Source: http://openjurist.org/238/f3d/437
Timestamp: 2015-05-24 05:32:09
Document Index: 334867788

Matched Legal Cases: ['§ 2241', '§ 2241', '§ 2241', '§ 2241', '§ 2254', '§ 2254', '§ 2254', '§ 16', '§ 2241', '§ 2254', '§ 2241', '§ 2253', '§ 2253']

238 F3d 437 Edward Maddox, v. Michelle Elzie, et al. | OpenJurist
238 F. 3d 437 - Edward Maddox, v. Michelle Elzie, et al.	Home238 f3d 437 edward maddox, v. michelle elzie, et al.
238 F3d 437 Edward Maddox, v. Michelle Elzie, et al. 238 F.3d 437 (D.C. Cir. 2001)
Edward Maddox, Appelleev.Michelle Elzie, et al., Appellants
No. 00-3018
Argued October 6, 2000Decided January 12, 2001
Appeal from the United States District Court for the District of Columbia (No. 96cr00151-01)Mary L. Wilson, Assistant Corporation Counsel, argued the cause for appellant. With her on the briefs were Robert Rigsby, Corporation Counsel, and Charles L. Reischel, Deputy Corporation Counsel.
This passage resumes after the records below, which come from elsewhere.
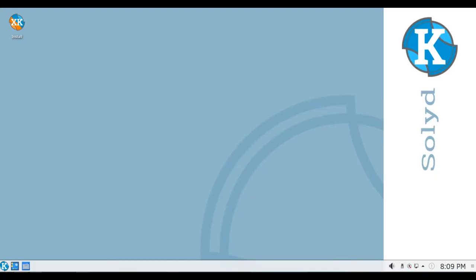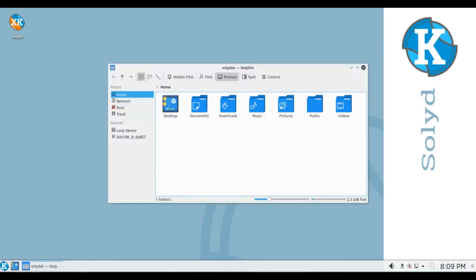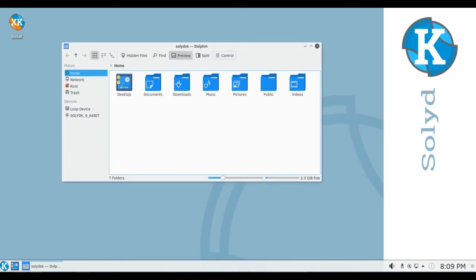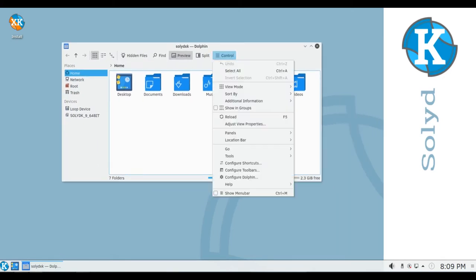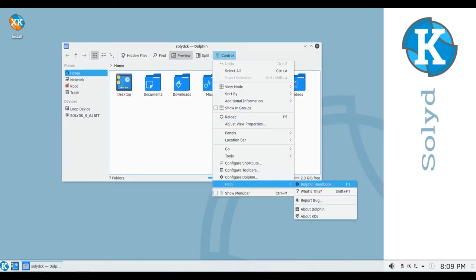SolidX and SolidK are Debian-based distributions with the XFCE and KDE desktops respectively. SolidXK aims to be simple to use, providing an environment that is both stable and secure.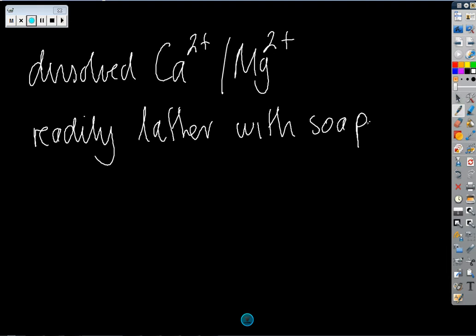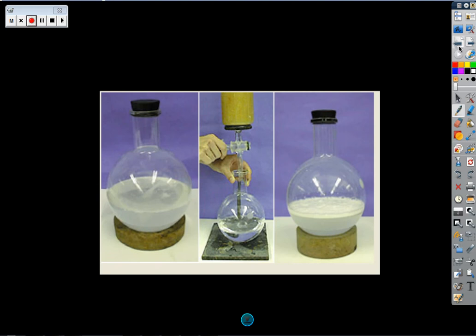The experiments you do in class will involve testing the water with soap to discover whether it does produce a nice frothy lather associated with soap or not. Looking at the picture on the left, water has had soap added from the burette, been shaken up, and you can see around the top there isn't any particular frothy lather. That's because the soap has actually reacted with the calcium and magnesium ions.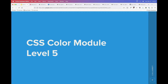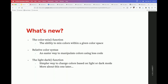Those are the four new things in the CIE color space. Now I'll talk about a few new things in Color Module 5. This mainly covers a couple new functions that are cool to play with: the color-mix function, which allows mixing colors within a color space; the relative color syntax, which gives an easier way to manipulate colors inside an HSL definition; and the light-dark function, a simpler way to change colors based on whether your system is in light or dark mode.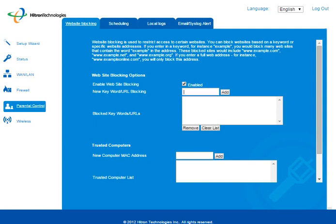Then you basically type in what website you want to block. For instance, I could block Google.com, but I'm not going to because I don't feel like testing anything at the moment. It's just showing you guys how to get here and what you can do. It's basically step by step. You type it in, you add, and it's blocked.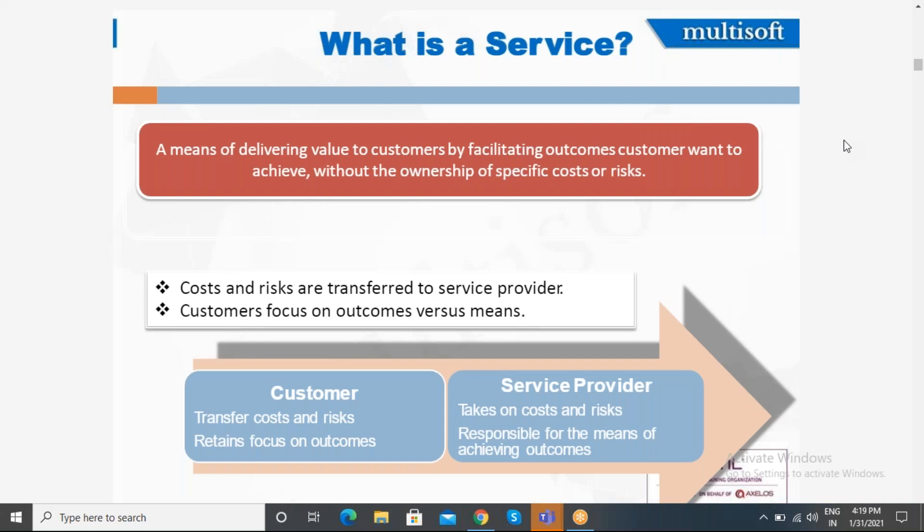A service is a means of delivering value to the customer while facilitating outcomes customers want to achieve without the ownership of the specific cost or risk. For example, when you go to a hotel and stay there, you don't worry about how the electricity or water supply is provided. The cost and risk are transferred to the service provider, which is the hotel.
Valinda Jones, Assistant U.S. Attorney, argued the cause for amicus curiae The United States of America. With her on the brief were Wilma A. Lewis, U.S. Attorney, John R. Fisher, Thomas J. Tourish, Jr. and Ronald Dixon, Assistant U.S. Attorneys.
Mary Manning Petras, appointed by the court, argued the cause and filed the brief for appellee.
Michelle Elzie1 and the District of Columbia Board of Parole (collectively "the Board") appeal the order granting, in part, Edward Maddox's petition for a writ of habeas corpus. The Board contends as a threshold matter that the district court erred in not requiring Maddox to exhaust his habeas corpus remedies in the District of Columbia courts before allowing him to challenge, under 28 U.S.C. § 2241 (1994), his service of a sentence imposed by the Superior Court of the District of Columbia. On the merits, the Board contends that the district court erred in partially granting the writ because Maddox failed to show that the manner in which the Board conducted his parole revocation hearing resulted in any prejudicial violation of his due process rights. We reverse the district court's order on the merits without deciding the exhaustion issue.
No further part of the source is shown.